- **Extracted information**
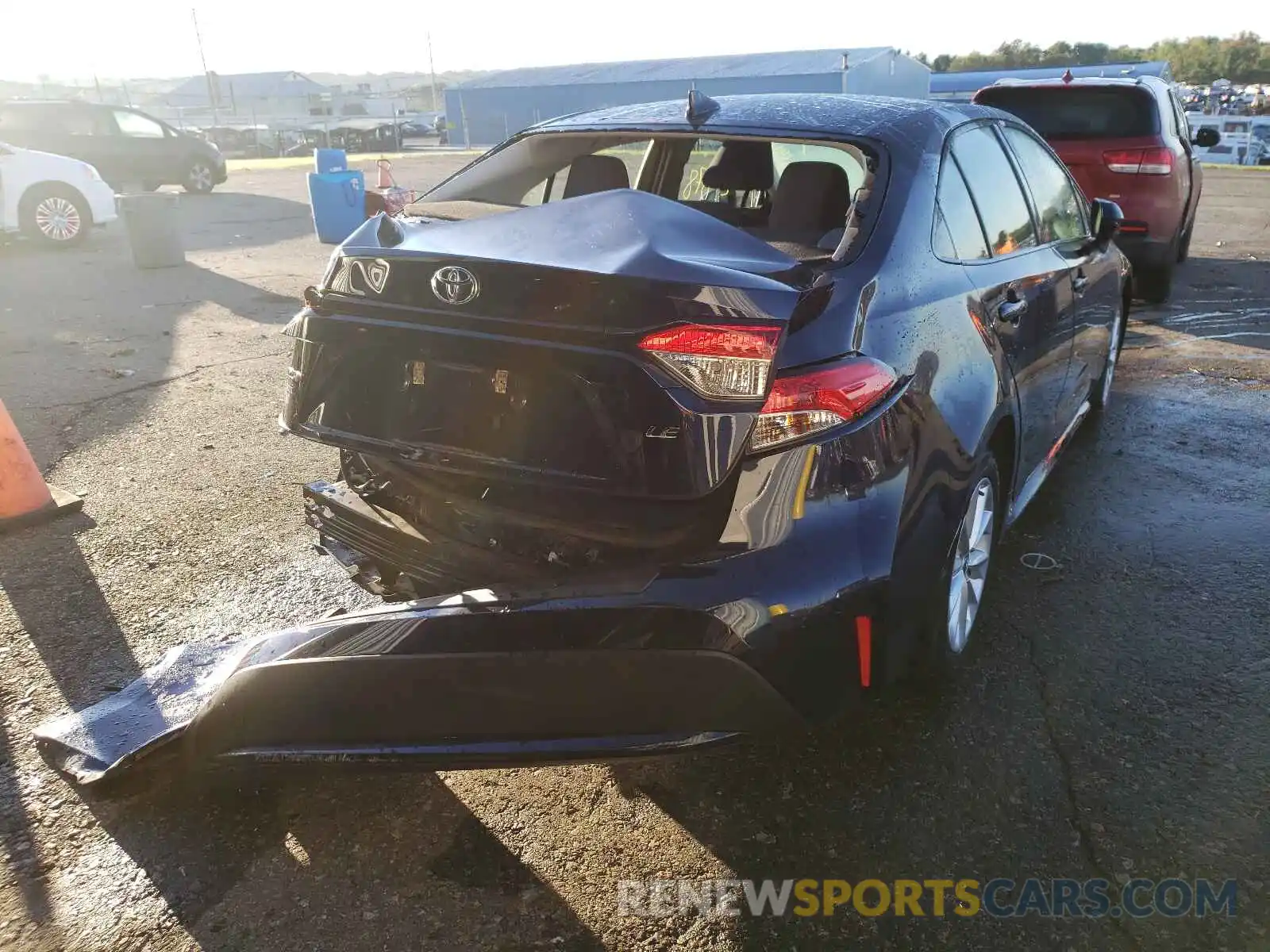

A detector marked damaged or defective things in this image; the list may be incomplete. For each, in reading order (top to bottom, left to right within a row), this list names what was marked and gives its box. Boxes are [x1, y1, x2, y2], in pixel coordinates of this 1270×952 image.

damaged car rear [37, 93, 1133, 787]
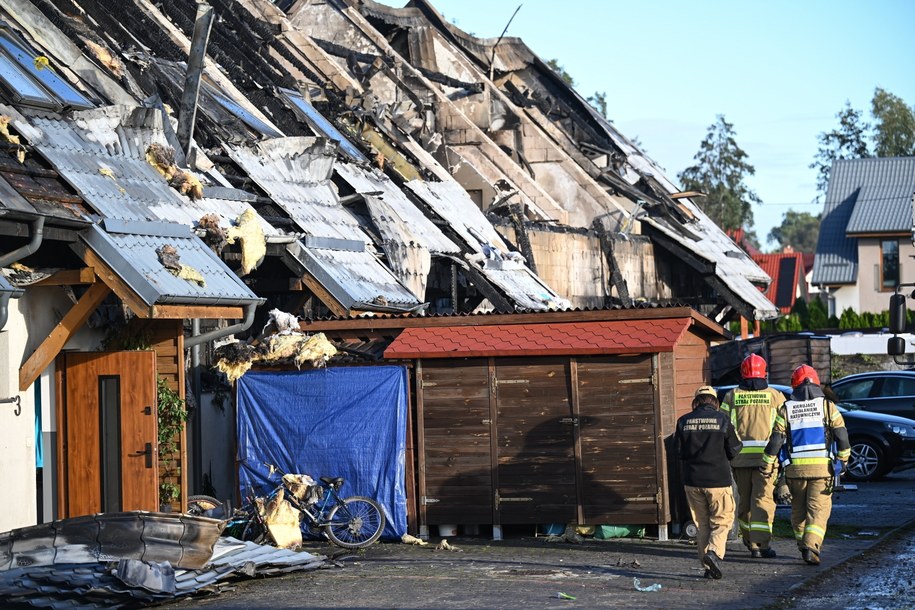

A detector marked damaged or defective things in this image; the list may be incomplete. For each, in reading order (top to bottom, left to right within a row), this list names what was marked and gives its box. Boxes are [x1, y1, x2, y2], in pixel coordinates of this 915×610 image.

damaged gutter [0, 214, 45, 328]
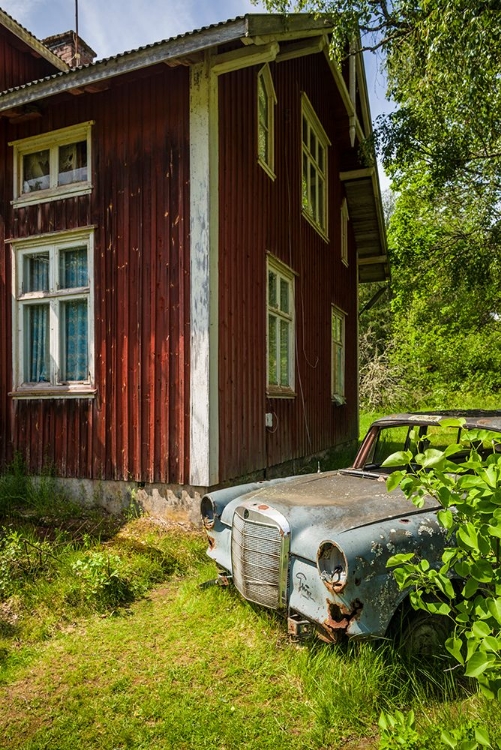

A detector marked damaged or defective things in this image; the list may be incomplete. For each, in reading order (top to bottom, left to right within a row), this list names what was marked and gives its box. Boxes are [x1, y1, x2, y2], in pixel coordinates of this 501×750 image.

broken headlight rim [199, 496, 215, 532]
rusty abandoned car [199, 412, 500, 652]
broken headlight rim [316, 544, 348, 596]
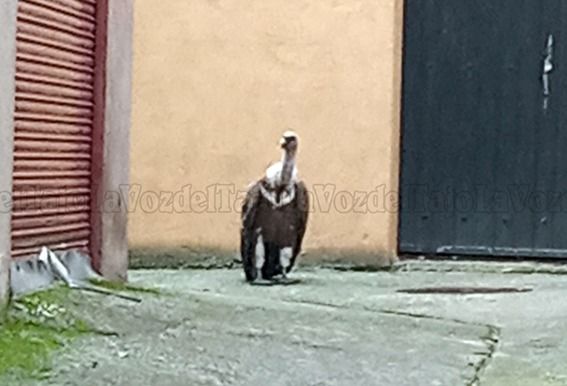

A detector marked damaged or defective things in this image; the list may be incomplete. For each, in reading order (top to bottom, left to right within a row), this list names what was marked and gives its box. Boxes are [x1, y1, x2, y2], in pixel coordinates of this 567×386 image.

rust stain on shutter [10, 0, 97, 260]
cracked pavement [22, 266, 567, 386]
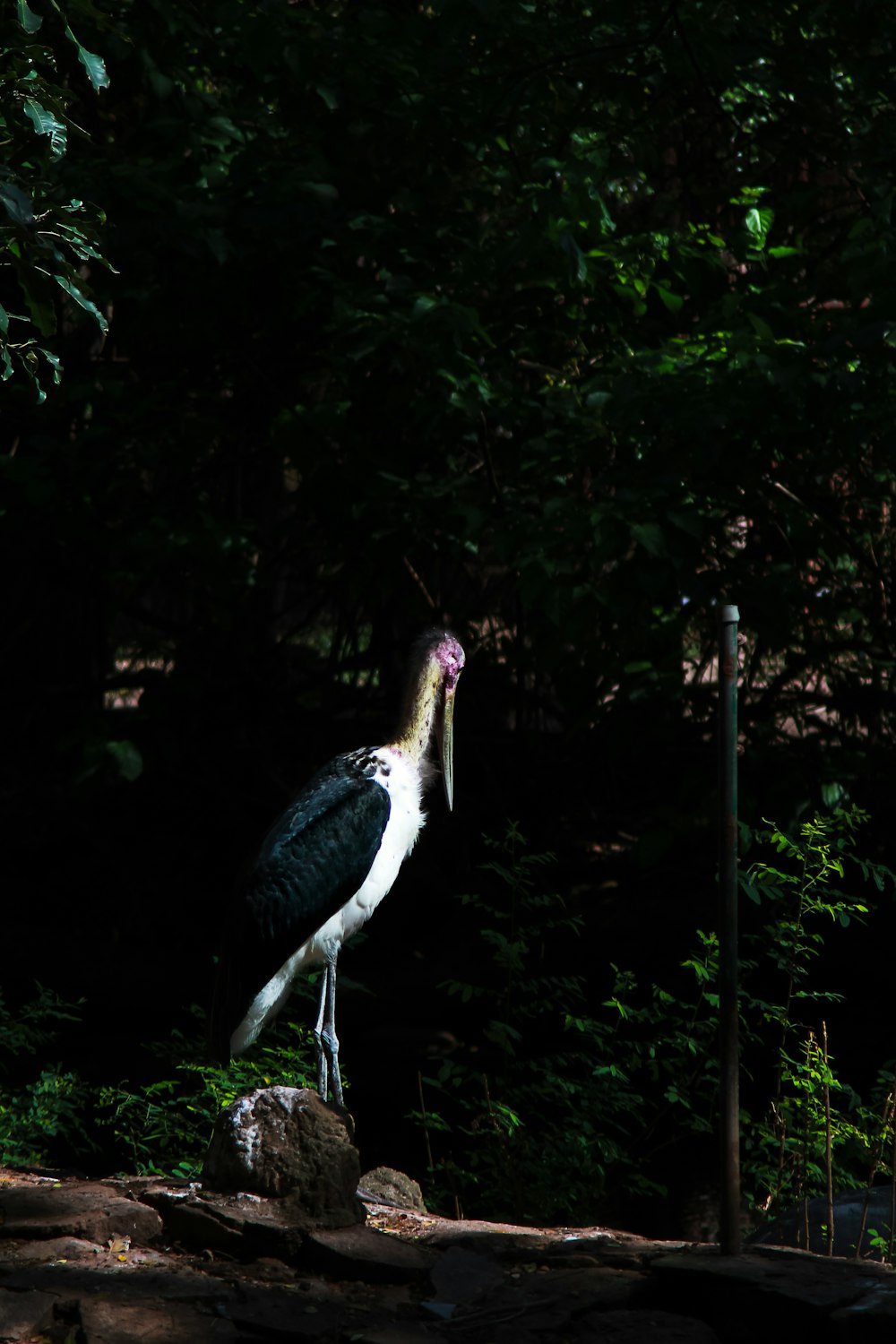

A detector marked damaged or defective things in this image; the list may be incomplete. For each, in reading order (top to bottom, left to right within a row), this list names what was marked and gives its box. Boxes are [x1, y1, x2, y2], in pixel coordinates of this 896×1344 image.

rusty pole [719, 605, 741, 1253]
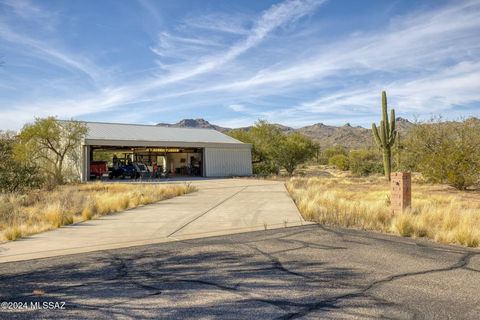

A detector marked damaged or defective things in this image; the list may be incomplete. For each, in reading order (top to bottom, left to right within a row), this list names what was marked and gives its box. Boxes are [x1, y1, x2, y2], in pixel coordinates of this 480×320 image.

cracked asphalt [0, 224, 480, 318]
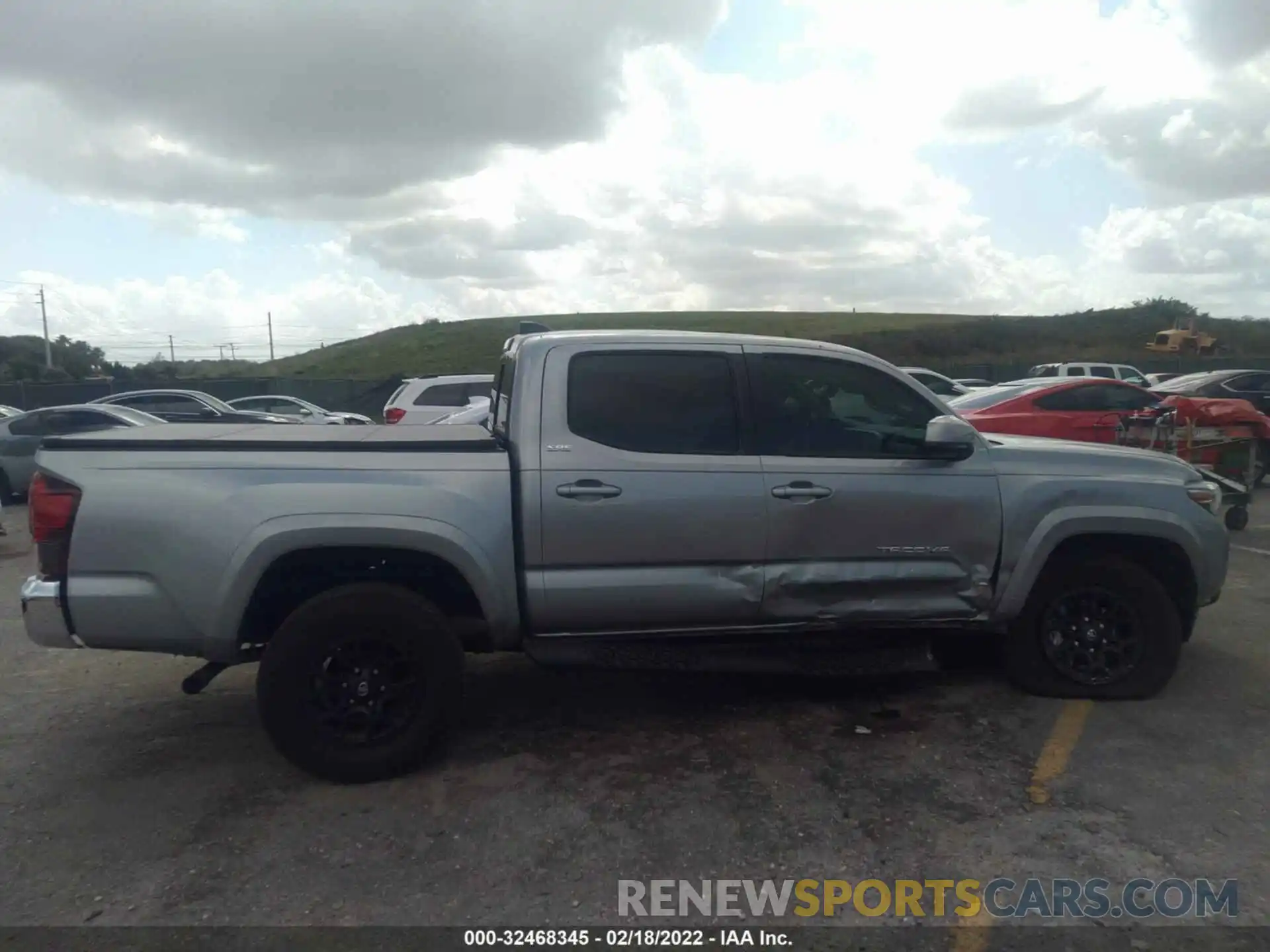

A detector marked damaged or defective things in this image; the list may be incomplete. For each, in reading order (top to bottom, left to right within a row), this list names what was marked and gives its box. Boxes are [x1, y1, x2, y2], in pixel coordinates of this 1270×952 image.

dented body panel [22, 327, 1229, 665]
damaged rear door [741, 348, 1000, 627]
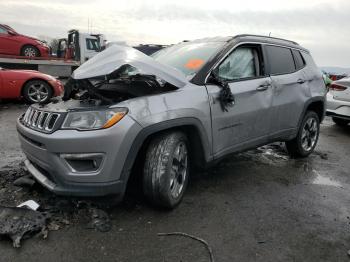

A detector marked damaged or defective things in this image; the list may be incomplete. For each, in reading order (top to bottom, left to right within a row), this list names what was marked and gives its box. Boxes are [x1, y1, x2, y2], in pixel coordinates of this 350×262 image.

broken headlight [61, 107, 127, 130]
crushed hood [72, 44, 189, 87]
wrecked vehicle [16, 34, 326, 208]
damaged jeep compass [17, 34, 328, 208]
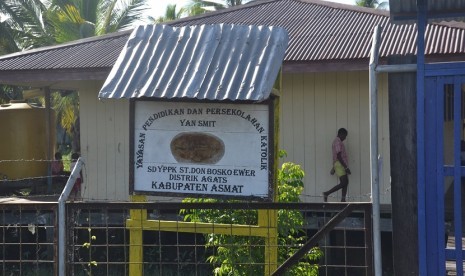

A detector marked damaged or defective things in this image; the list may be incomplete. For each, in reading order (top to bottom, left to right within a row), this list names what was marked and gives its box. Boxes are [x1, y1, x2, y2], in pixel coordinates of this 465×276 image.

rusty roof [0, 0, 462, 86]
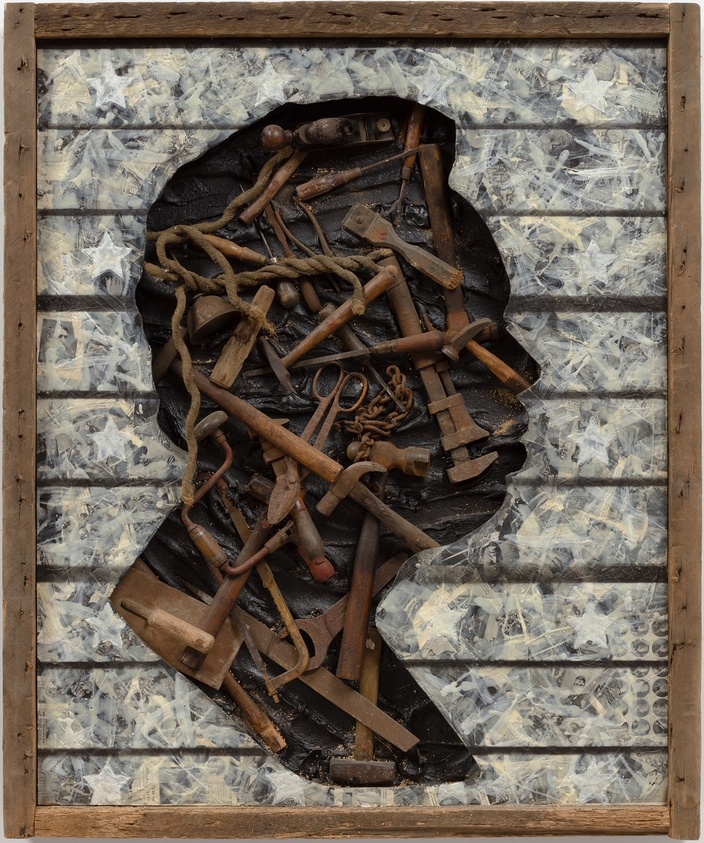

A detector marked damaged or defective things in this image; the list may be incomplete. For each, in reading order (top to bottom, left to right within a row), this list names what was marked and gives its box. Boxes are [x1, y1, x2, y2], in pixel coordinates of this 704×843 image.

rusty screwdriver [292, 148, 416, 201]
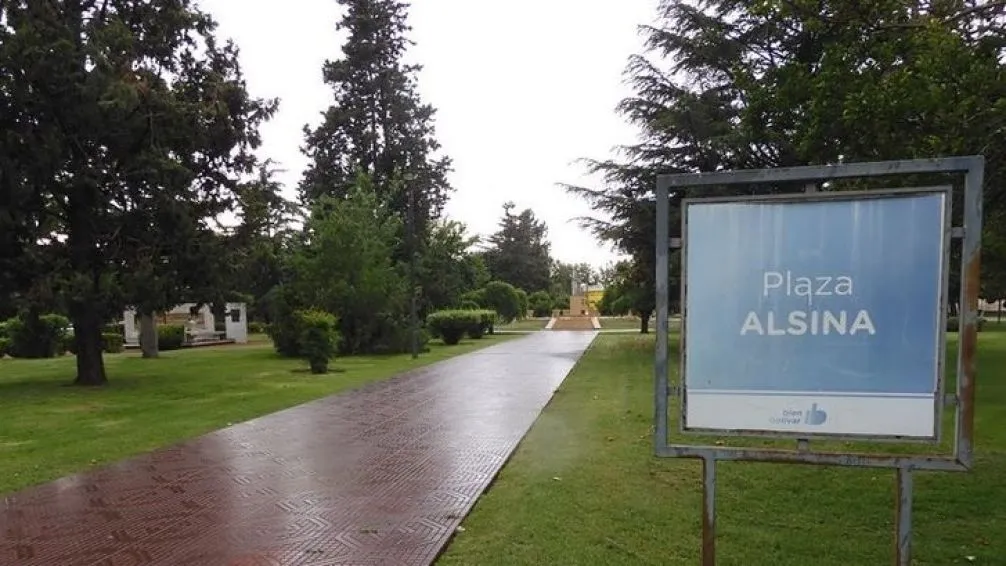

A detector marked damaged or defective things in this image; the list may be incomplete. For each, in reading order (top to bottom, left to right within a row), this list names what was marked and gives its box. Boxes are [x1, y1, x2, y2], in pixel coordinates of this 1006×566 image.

rusty metal bracket [651, 155, 981, 566]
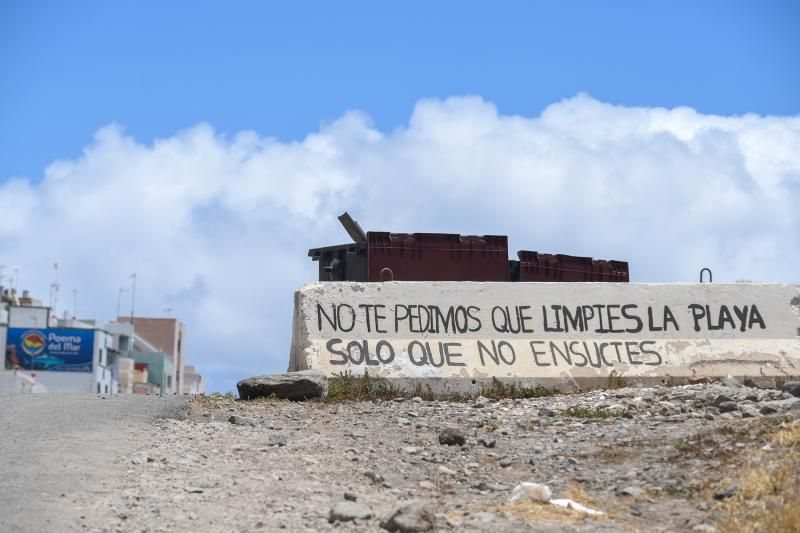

- **Task details**
Starting with the line that holds "this 704×843 image.", transcribe exactly each line through the last one of the material above, and nothing else. Do not include pictures.

- **Exercise solution**
A detector marked damaged or defective things in this image; the list may be incomplete. For each, in reading order (top to bottom, left to right within a row), this list names what was marked and gives its box. Boxes are [x1, y1, x2, y2], in pixel coordinates of this 704×843 image.

rusty screwdriver [292, 148, 416, 201]

A detector marked damaged or defective things in this image; the list may be incomplete. For each, in reading order (top to bottom, left to right within a row), this list names what was marked and gives its box. Boxes are [x1, y1, x2, y2], in pixel coordinates of this 1006×566 image.

rusty metal bracket [651, 155, 981, 566]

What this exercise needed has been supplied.